Le cours de l’action du groupe, cotée au Nasdaq (le marché américain des valeurs technologiques) depuis 1997, reflète les hésitations des investisseurs face à ce nouveau venu qui enchaîne les déclarations à l’emporte-pièce : en huit ans, il oscille entre 5,50 et 106 dollars. Jeff Bezos, il est vrai, ne fait rien pour inspirer confiance, au contraire : lorsqu’il emprunte, en 1994, 300 000 dollars à ses parents, il leur assure qu’il y a 70 % de chances pour qu’ils ne les récupèrent pas. Ce mélange de désinvolture et d’obstination séduit néanmoins, et lui vaut d’être nommé homme de l’année par le magazine Time, en 1999. Parce qu’il a radicalement changé les habitudes de consommation, explique-t-on. Les employés d’Amazon, qui dénoncent leurs conditions de travail, n’ont que faire de cette prétendue évolution des moeurs dont leur patron « grippe-sou » serait le père. En particulier les 1 300 salariés licenciés en 2001, en plein éclatement de la bulle Internet. Mais à la fin de 2003, les chiffres donnent raison à Jeff Bezos. L’entreprise, qui vend de plus en plus à l’international (plus 55 % entre 2002 et 2003), réalise ses premiers bénéfices, salués par la presse : plus de 35 millions de dollars, contre 149 millions de pertes l’année précédente. Jeff Bezos devient alors le « miraculé » ou le « survivant » de la Net économie. On admire sa fortune (il détiendrait 25 % du capital d’Amazon, soit 3,5 milliards de dollars) et ses intuitions sont désormais qualifiées de « visionnaires ». Mais depuis ce début 2004 en fanfare, plus rien, ou presque, ne filtre sur l’homme, comme sur l’entreprise.
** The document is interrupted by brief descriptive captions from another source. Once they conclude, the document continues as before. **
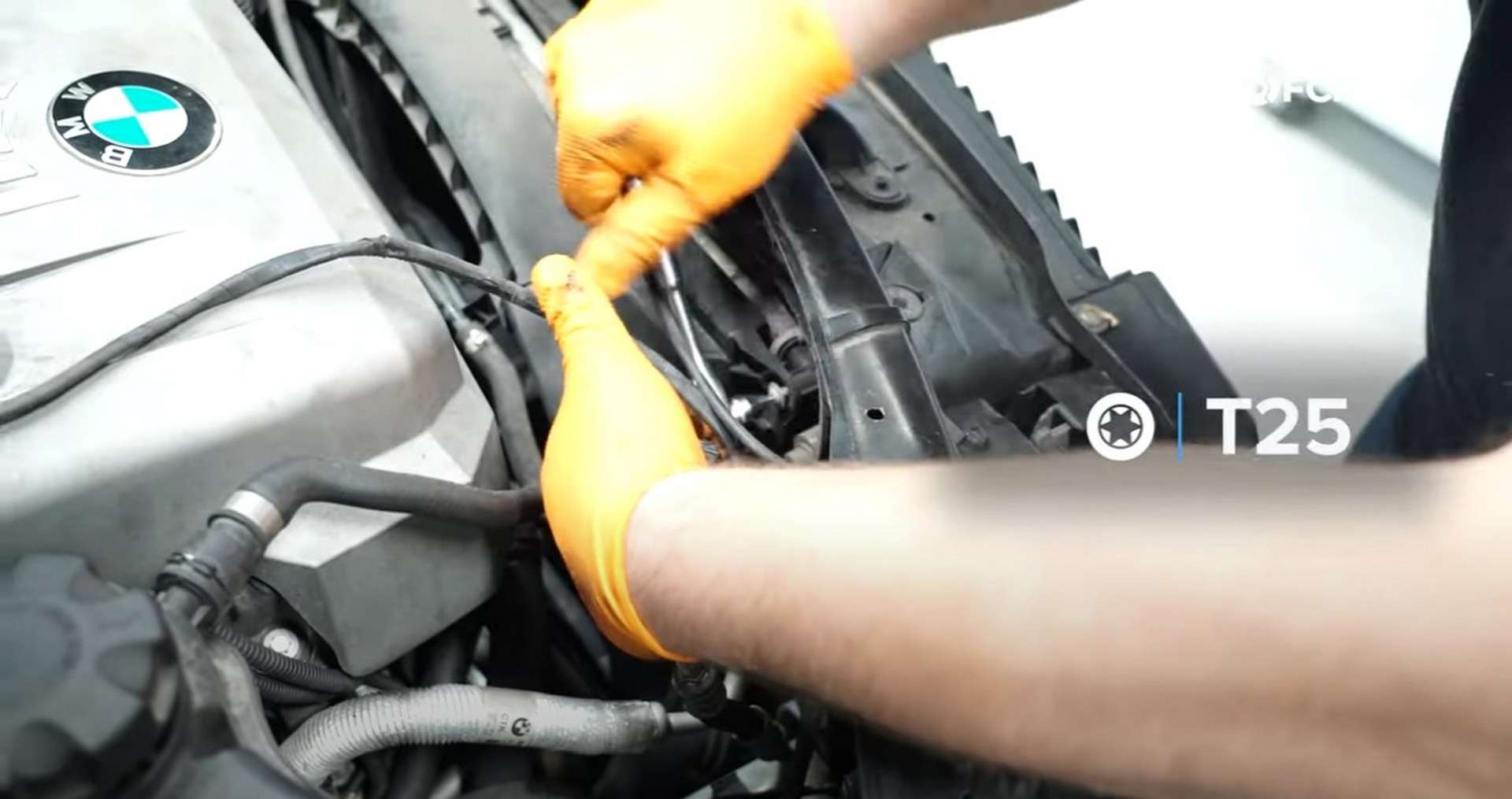 DIY BMW N52 Drive Belt Replacement removing the fan shroud fastener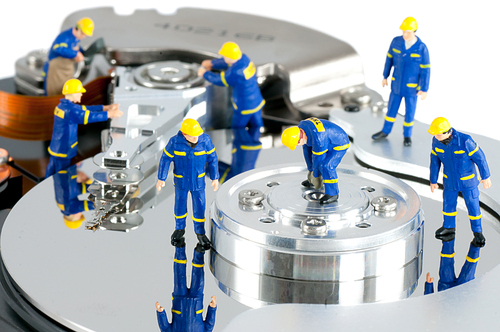 Group of workers repairing HDD. Hard Drive repair concept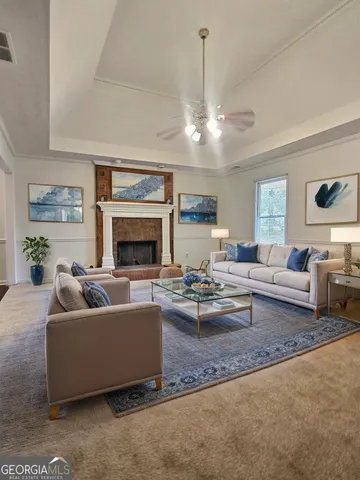 a living room with furniture and a fireplace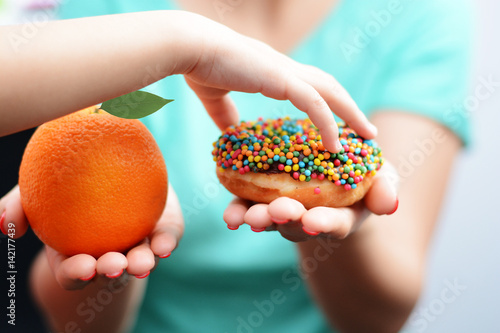 Zdjęcie XXL Dziecko otyłości pojęcie z małej dziewczynki ręką wybiera słodkiego i niezdrowego pączek zamiast owoc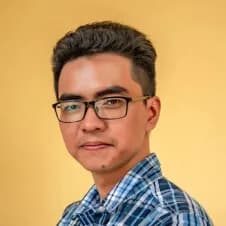 A man wearing glasses and a plaid shirt.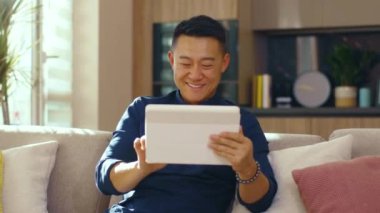 Gülümseyen Asyalı genç evdeki kanepede oturan tablet bilgisayar kullanıyor. Mutlu ol. Çinli iş adamı çok yakışıklı. İletişim. Kapatın. Yavaş çekim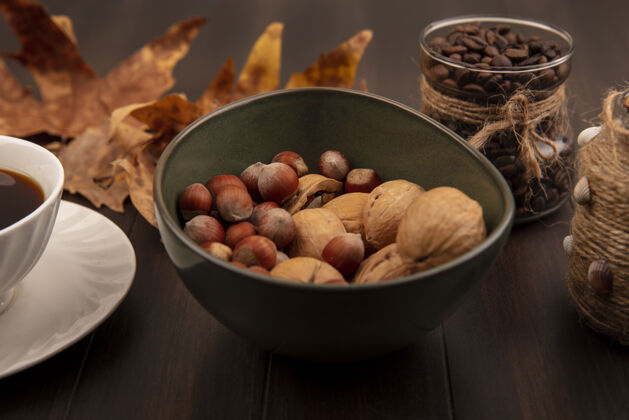 木材顶视图坚果在一个碗上与咖啡豆在一个玻璃罐上与一杯咖啡在一个木制的表面种子配料咖啡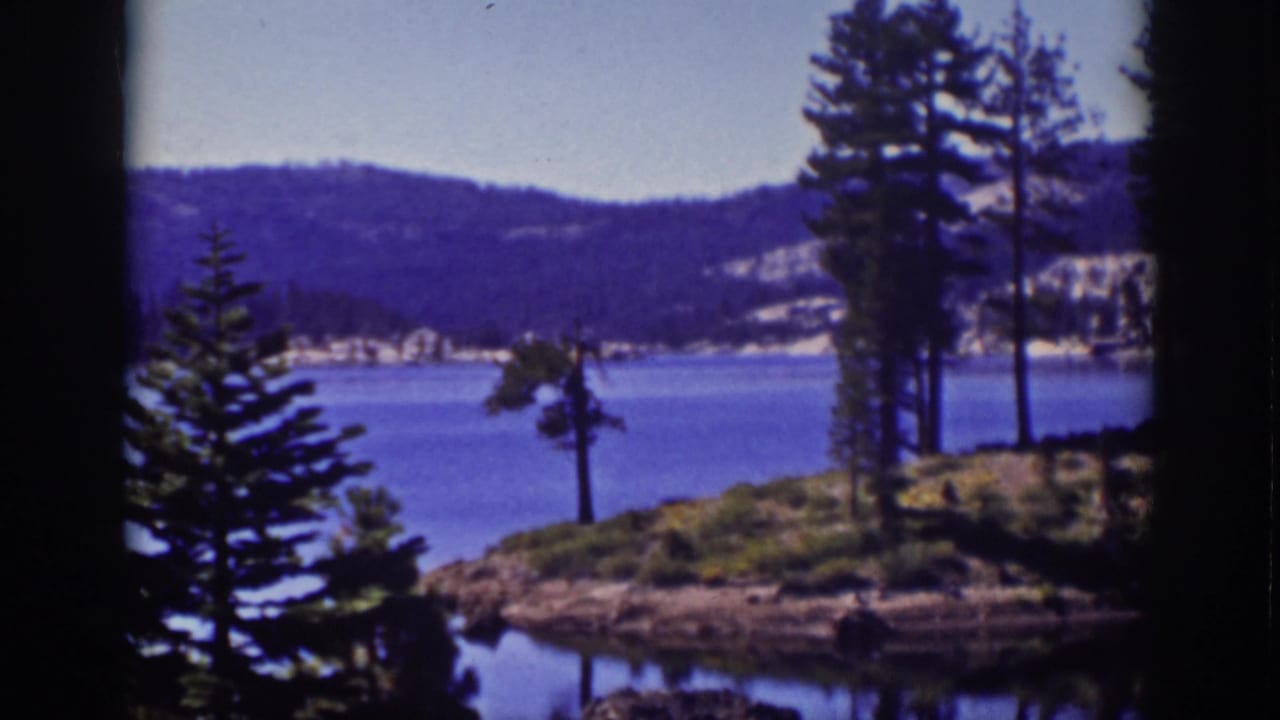 Lake shoreline with pine trees, blue water, distant hills, and dark film borders.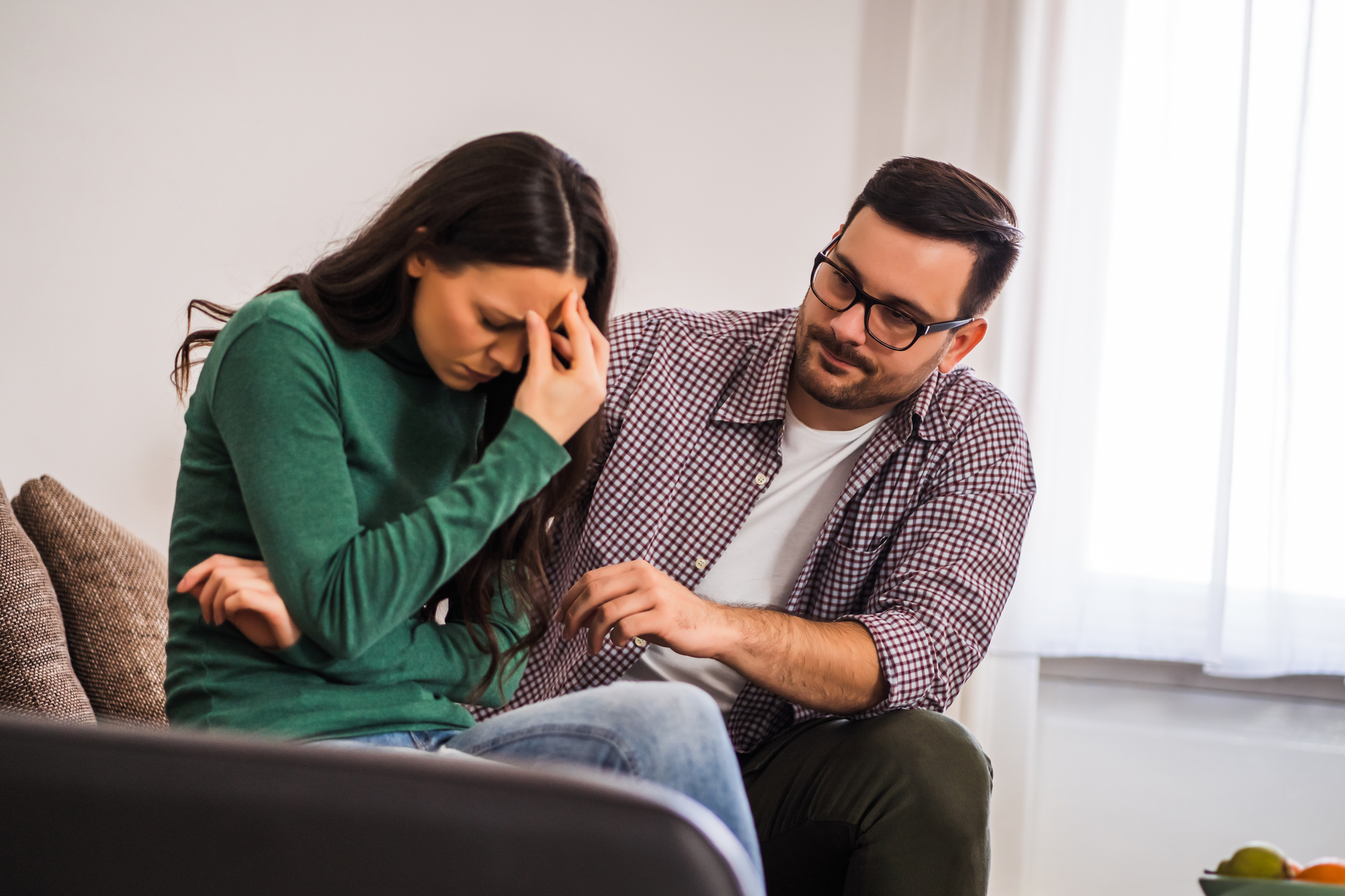 A woman sits on a couch, looking distressed with her hand on her forehead. Next to her, a man reaches out to comfort her with a concerned expression. They are in a bright room with large windows and a neutral-colored sofa.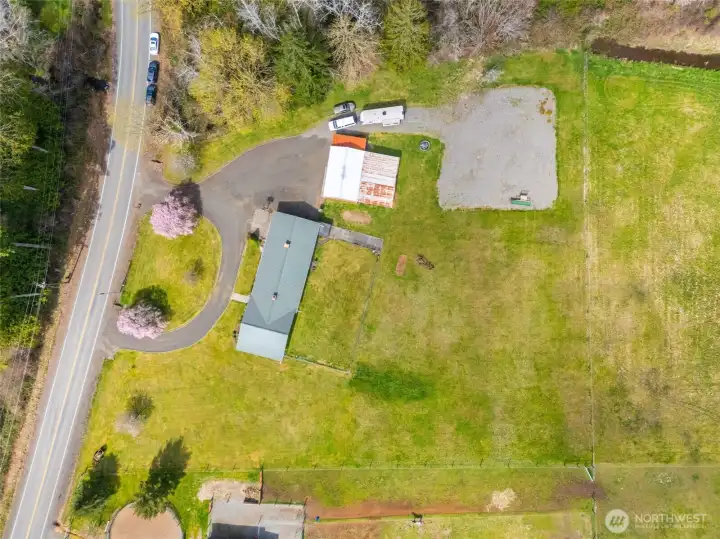 Aerial view showcasing level, usable acreage.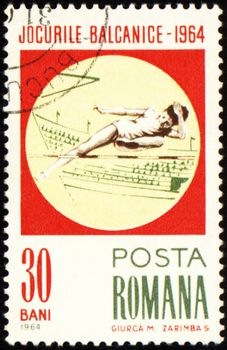 ROMANIA - CIRCA 1964: A post stamp printed in Romania shows high-jumper, devoted to Balkan games, series, circa 1964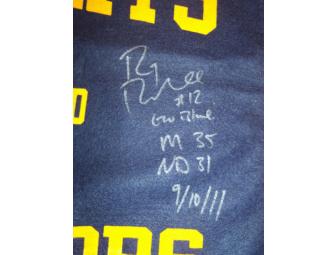 Denard Robinson and Roy Roundtree autographed 'Under the Lights' Banner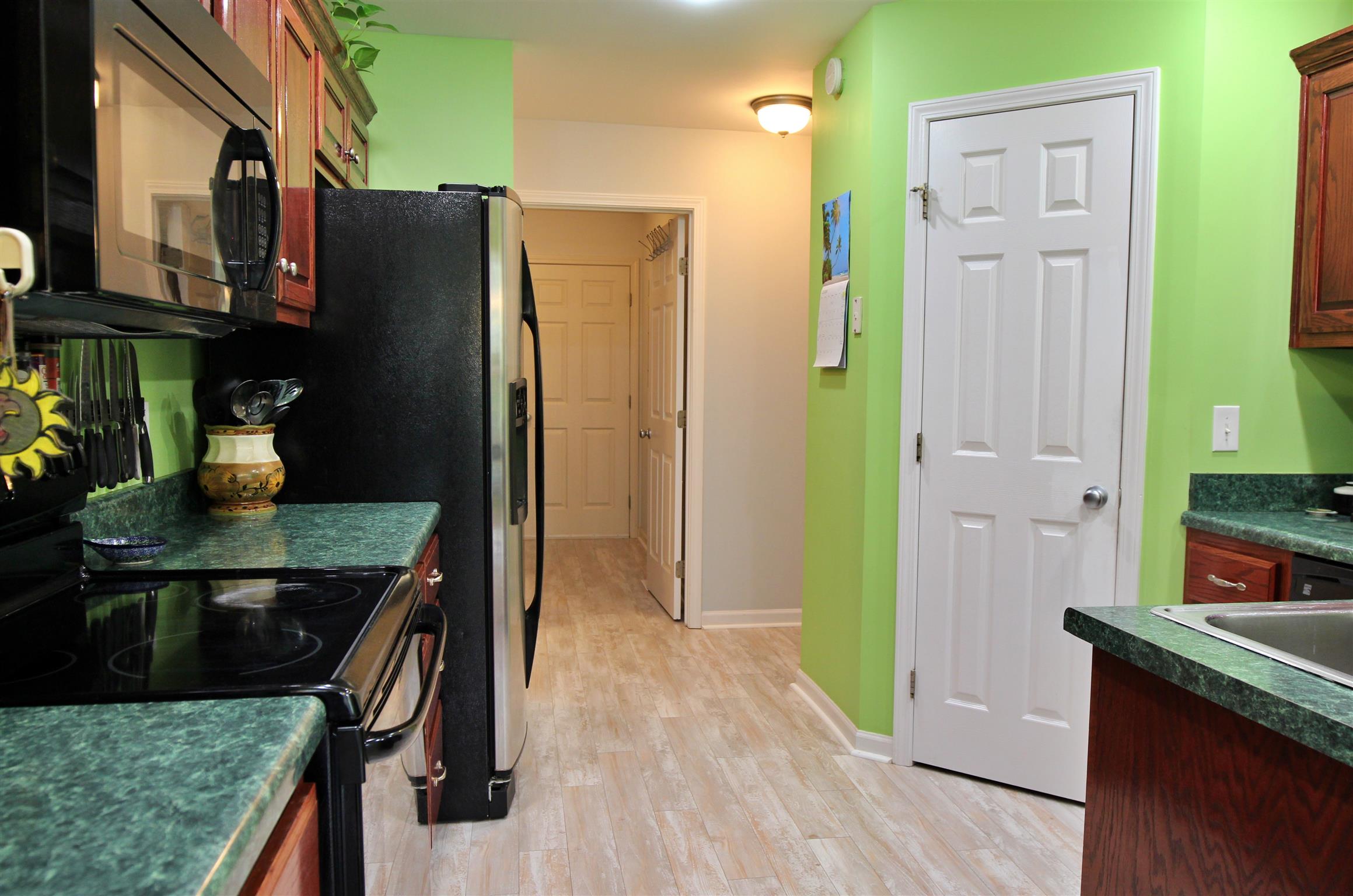 592 Windy Road Mount Juliet, TN 37122 - Photo 12 of 24 a kitchen with a refrigerator and countertop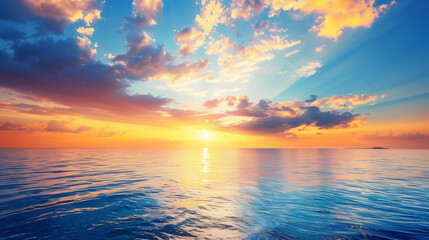 Fototapeta premium The sun is shining on the ocean, creating a beautiful and serene scene. The water is calm and the sky is clear, making for a perfect day to relax and enjoy the view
Où est passé Jeff Bezos ? Que devient Amazon ? C’est comme si tout allait trop bien pour qu’on en parle. De fait, les comptes du premier semestre 2005, bien qu’en légère baisse (52 millions de dollars de bénéfices, contre 76 millions à la même période en 2004), montrent qu’Amazon continue tout simplement sur sa lancée. Pas de retournement en vue, ni à la hausse ni à la baisse. La librairie virtuelle, aujourd’hui devenue un immense supermarché, tire 25 % de ses revenus des partenariats passés avec d’autres sites (notamment le magasin de jouets Toys’R’us et Marks & Spencer). Elle continue de se diversifier dans des directions parfois inattendues, les bijoux et les montres au printemps 2004. Mais c’est devenu une habitude. Amazon a atteint sa vitesse de croisière, en somme.
Il en va tout autrement de son extravagant fondateur. En 2000, celui-ci a créé une entreprise au nom aussi mystérieux que l’activité : Blue Origin… Jeff Bezos, qui dit « avoir toujours eu envie d’aller là-haut », a en fait réuni une équipe de scientifiques pour travailler à la conception d’un appareil capable de voler à une altitude « suborbitale » avec sept passagers à bord. Et a annoncé, en janvier dernier, la création d’un terrain d’expérimentation spatiale sur un domaine appartenant à sa famille, au Texas. Folie des grandeurs ou projet visionnaire ? L’avenir le dira.